According to Bulgarian media, Bulgaria experienced "Dilma fever." The local media followed the presidential race in Brazil closely, interested in the election of a half-Bulgarian to rule over the world's 5th most populous nation and 7th largest economy. In an interview for the 24 Hours newspaper, Rousseff said that she "feel[s] tenderness and love for Bulgaria. I can even say that to a certain extent I do feel like I am Bulgarian, even though I have never been in the country where my father was born. My father died when I was only fifteen years old and I did not have the chance to learn Bulgarian." In November 2010, an exhibition was held in Gabrovo about Rousseff's origins.

After Rousseff's election, Bulgarian prime minister Boyko Borisov promptly invited her for an official visit to the country.

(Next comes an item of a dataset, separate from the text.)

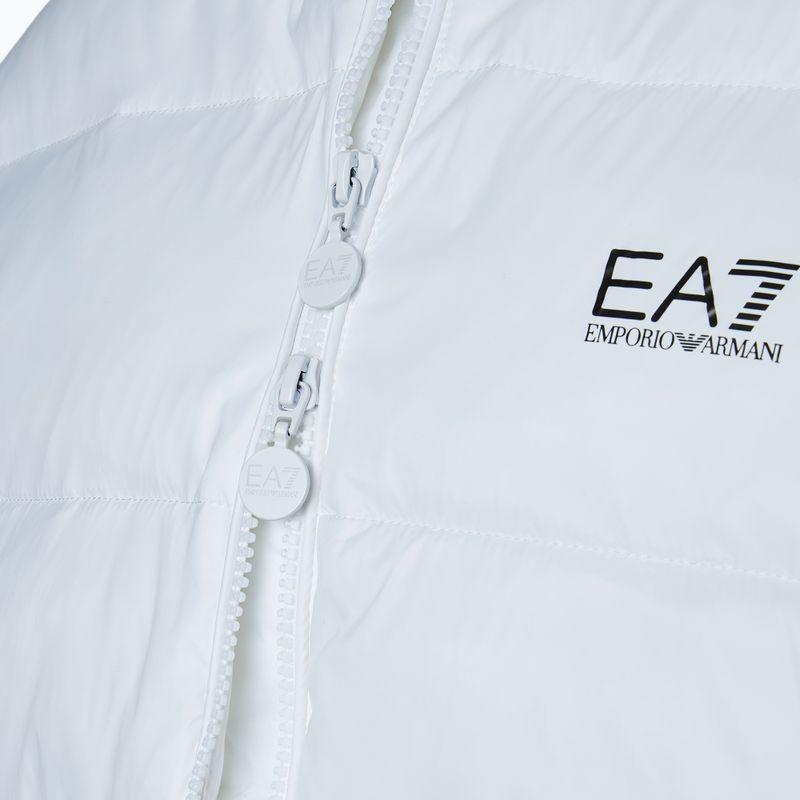 Куртка жіноча EA7 Emporio Armani Train Shiny ECO Extra Padded Bomberka white 5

During her inauguration, he reiterated the invitation. Since her inauguration, Rousseff has received 21 letters from Bulgarian citizens.

On 4 October 2011, President Rousseff visited Bulgaria for the first time ever for a state visit as well as for an emotional back-to-the-roots visit to the homeland of her late emigrant father. She paid a visit to the grave of her Bulgarian half-brother, Lyuben-Kamen Rusev, whom she never met and who died in 2007 at the age of 78.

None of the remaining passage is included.